My seven-year-old was the hardest to answer! He’s at the age where he’s becoming so independent of me, and has never been super warm and fuzzy with me to begin with–he’s just not that kid, though he can be very sweet and loving, he’s not gushy or snuggly. Our relationship right now is much more about what I can do for him: help him with homework, get him a snack. I honestly think he doesn’t give me much thought otherwise, and that’s OK. Kids are self-absorbed and I’m not delusional enough to think my kids spend a lot of time thinking about my inner life (yet.) So I think my seven-year-old would say I’m “there”–and I think sometimes just being “there” is enough.
Where do you turn when you need advice?
My sister, my friends, Twitter. Depends what kind of advice I need. I miss my mom for that–she died when I was 22, and I know there are so many things I’d ask her about now if she was still around.
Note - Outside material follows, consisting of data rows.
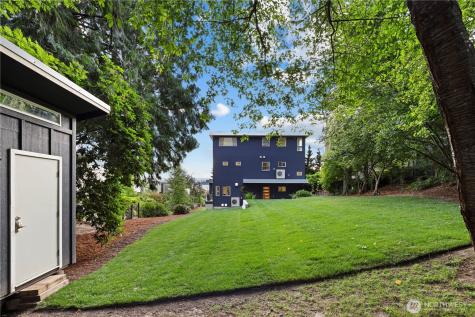 6304 Lakeview Drive Kirkland WA 98033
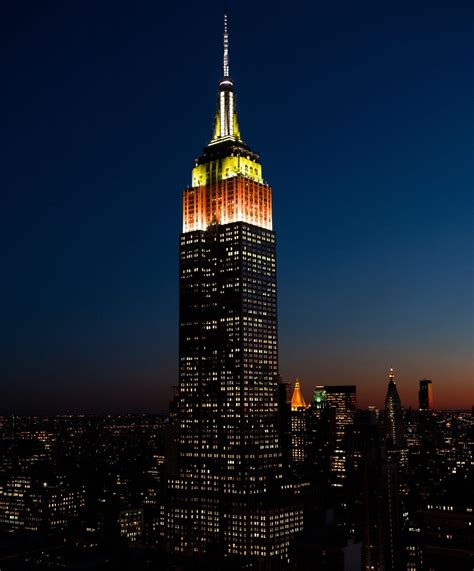 The Empire State Building Is Lighting Up For the New York Spectacular ...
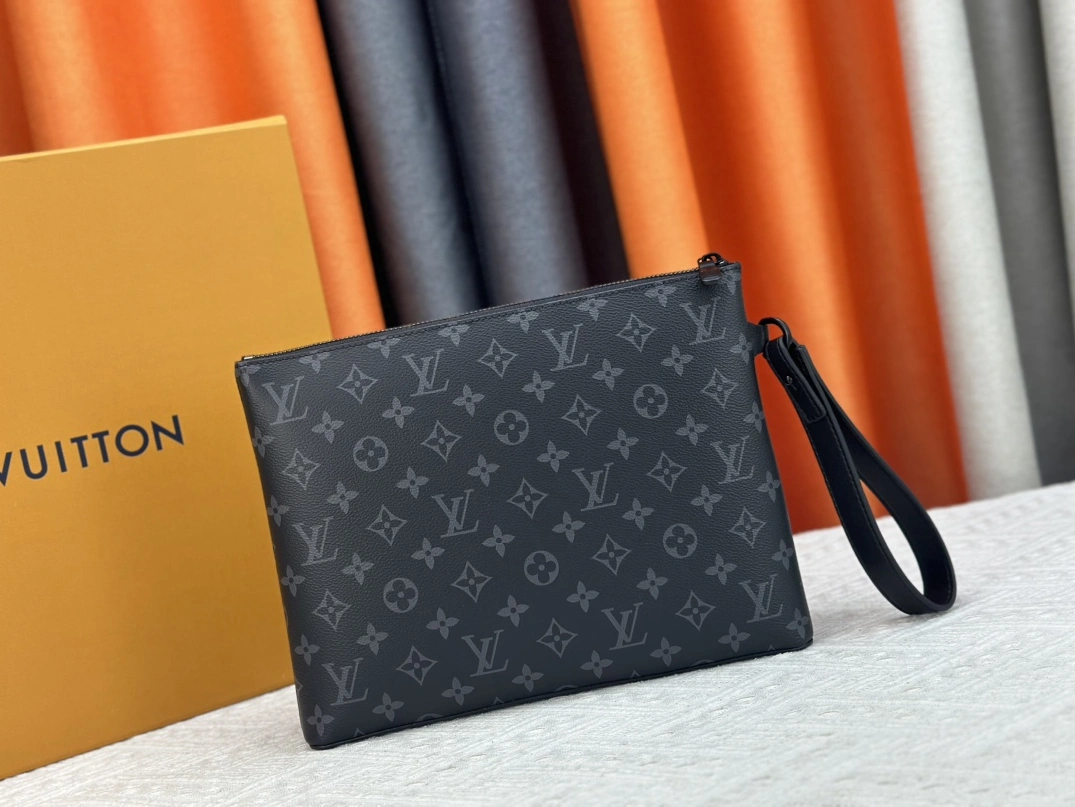 Louis Vuitton LV Wallets For Unisex Versatile 402 - Image 4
If you could change one thing about motherhood what would it be?
I think it would be great if there was a pause button. Like if I was getting overwhelmed, I could hit “pause” and have ten minutes or so to go in my room and breathe with all the kids stuck in place. Or I could go on trips without the kids without feeling conflicted about leaving them. Truthfully though I’d probably abuse the “pause” button. I think sometimes those overwhelming, conflicted moments are the things that teach us the most about ourselves, even though they can be so unpleasant to live through.
The mom in me can’t live without…
Snuggles, because they make all the rest of it worthwhile.